### PROBLEM TO WORK ON:
An exact repetition of the data is required; no picture should appear in it.

### AVAILABLE DATA:
###
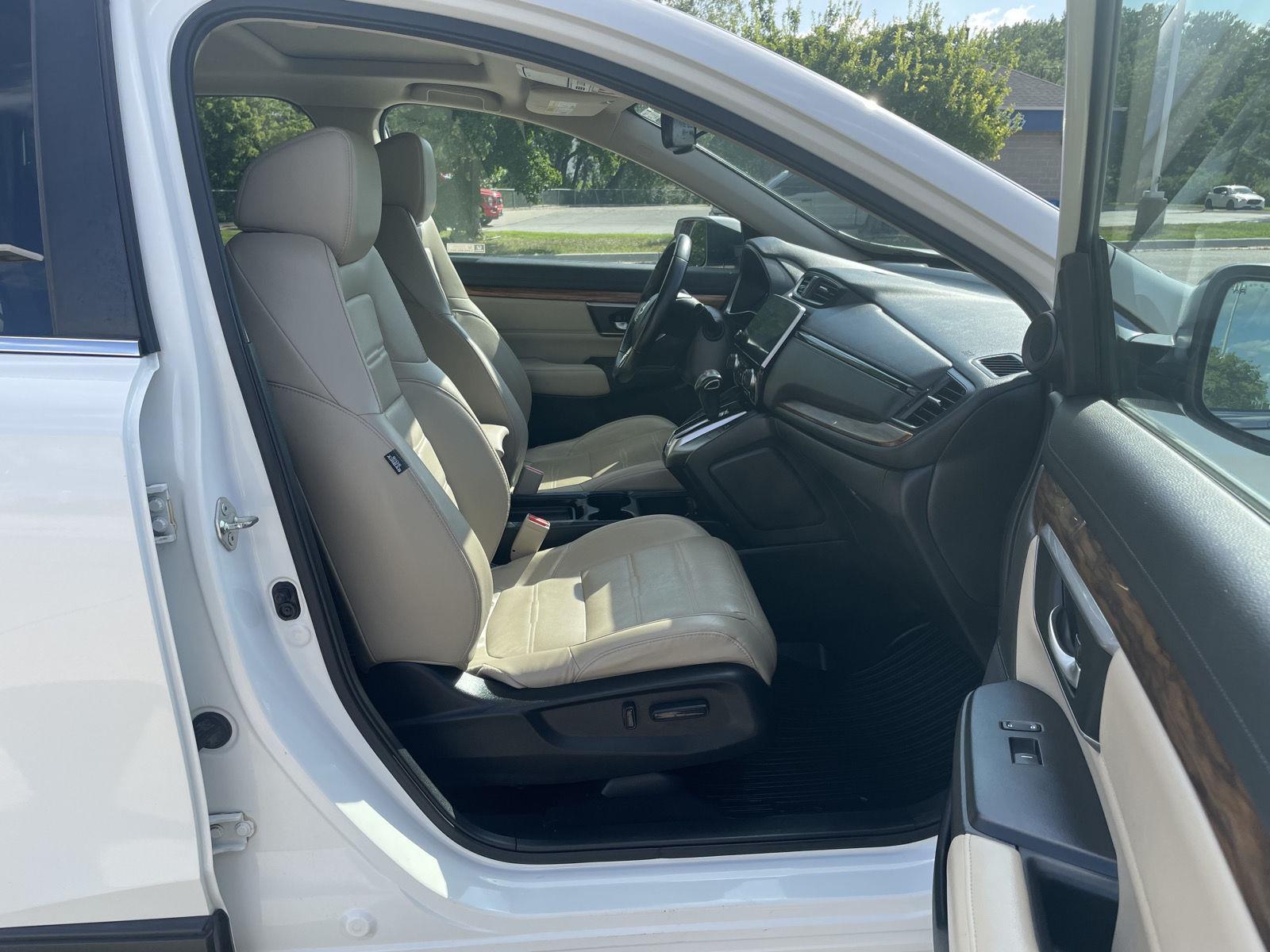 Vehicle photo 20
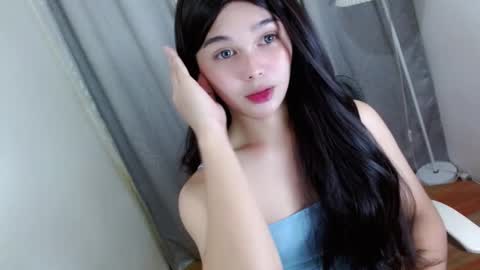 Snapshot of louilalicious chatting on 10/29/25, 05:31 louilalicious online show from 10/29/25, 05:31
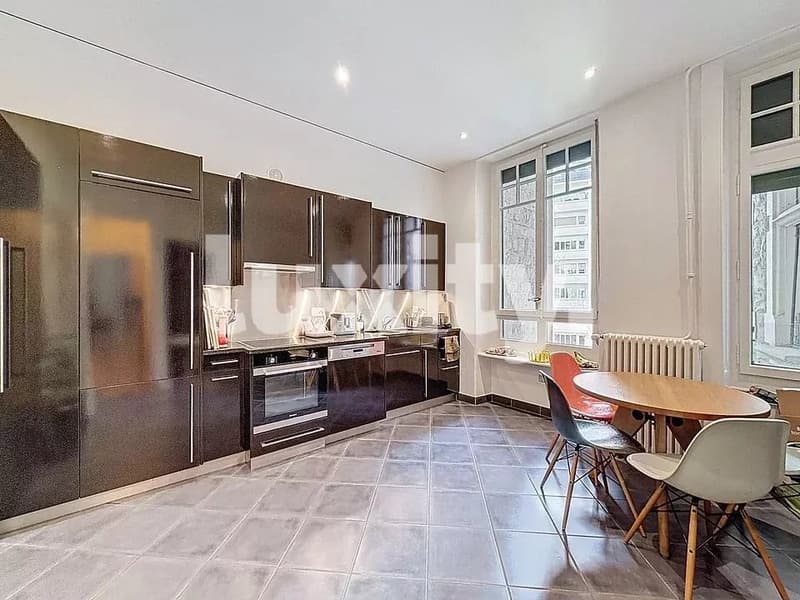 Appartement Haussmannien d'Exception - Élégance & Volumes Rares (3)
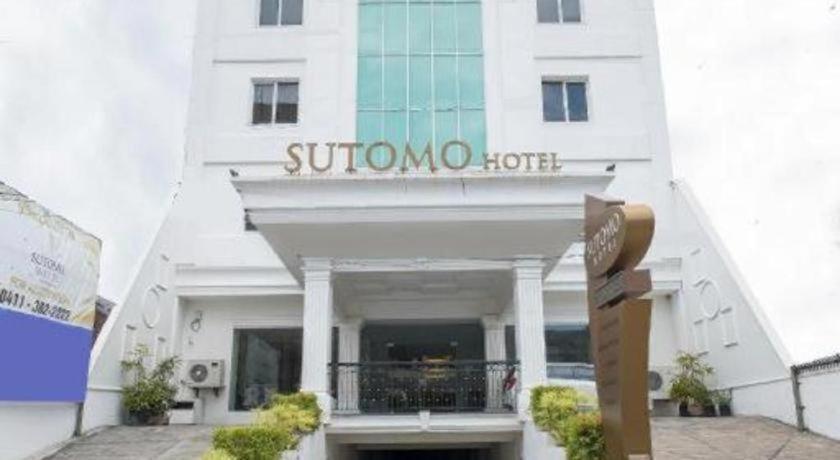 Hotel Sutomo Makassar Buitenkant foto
###
### REPLY:
 Vehicle photo 20
 Snapshot of louilalicious chatting on 10/29/25, 05:31 louilalicious online show from 10/29/25, 05:31
 Appartement Haussmannien d'Exception - Élégance & Volumes Rares (3)
 Hotel Sutomo Makassar Buitenkant foto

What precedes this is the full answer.